***** DATASET SECTION *****

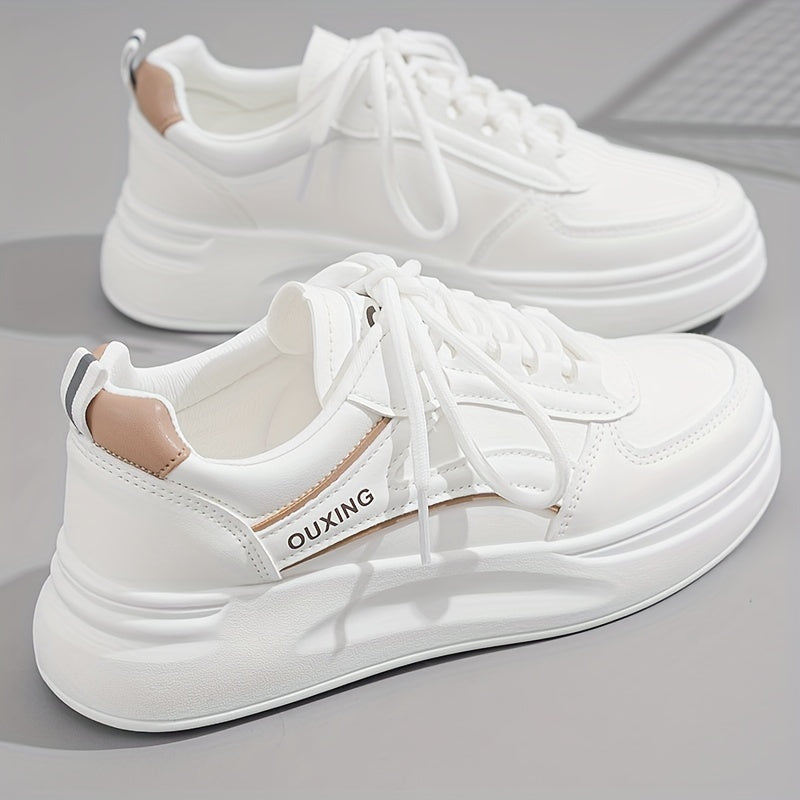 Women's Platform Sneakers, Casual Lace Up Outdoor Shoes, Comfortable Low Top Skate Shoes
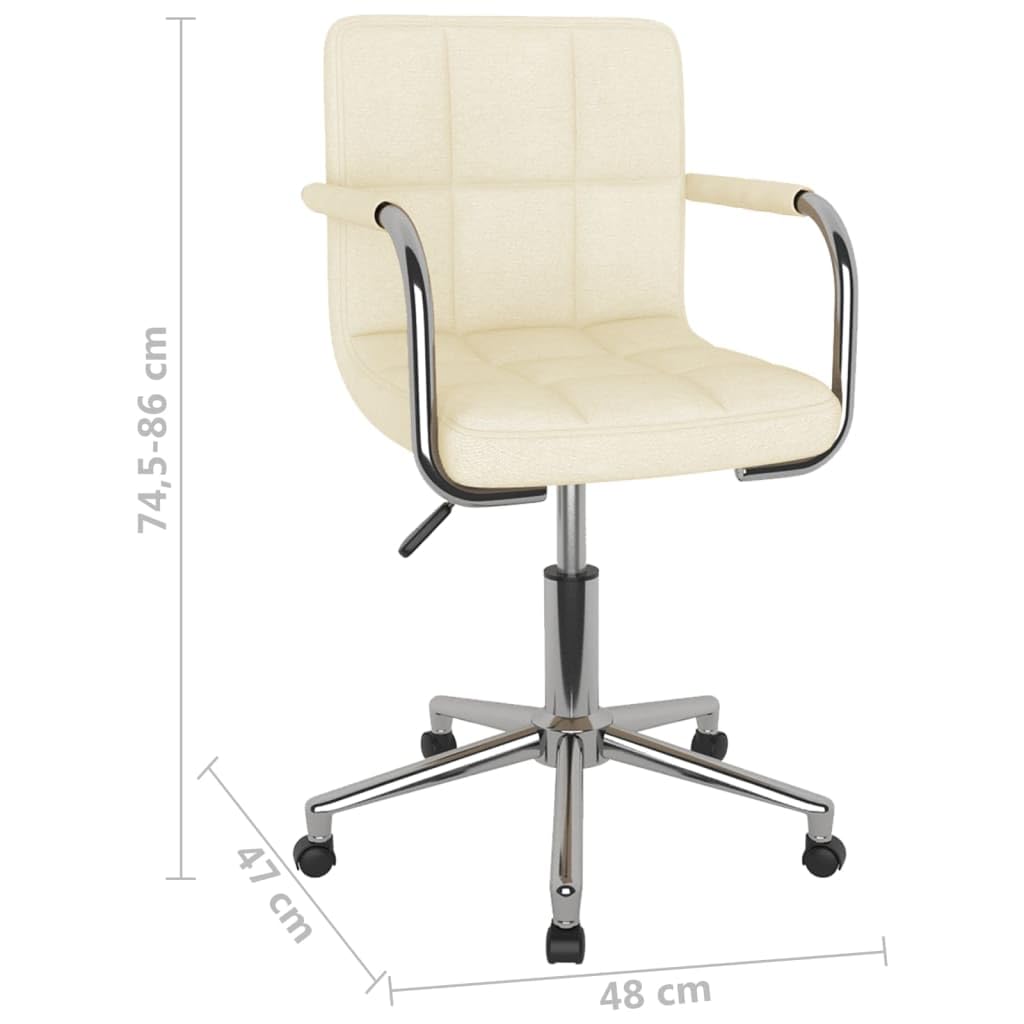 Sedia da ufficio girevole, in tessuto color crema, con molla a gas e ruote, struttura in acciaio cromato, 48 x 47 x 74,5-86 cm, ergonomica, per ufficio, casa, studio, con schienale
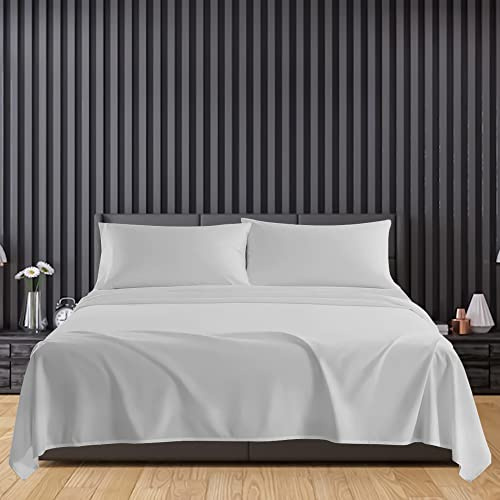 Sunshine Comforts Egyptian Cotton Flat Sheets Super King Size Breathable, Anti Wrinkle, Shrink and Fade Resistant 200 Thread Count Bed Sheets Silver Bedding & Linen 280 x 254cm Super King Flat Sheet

*****

WORK TASK
Copy all the material exactly; omit images.

RESULT OF THE TASK
 Women's Platform Sneakers, Casual Lace Up Outdoor Shoes, Comfortable Low Top Skate Shoes
 Sedia da ufficio girevole, in tessuto color crema, con molla a gas e ruote, struttura in acciaio cromato, 48 x 47 x 74,5-86 cm, ergonomica, per ufficio, casa, studio, con schienale
 Sunshine Comforts Egyptian Cotton Flat Sheets Super King Size Breathable, Anti Wrinkle, Shrink and Fade Resistant 200 Thread Count Bed Sheets Silver Bedding & Linen 280 x 254cm Super King Flat Sheet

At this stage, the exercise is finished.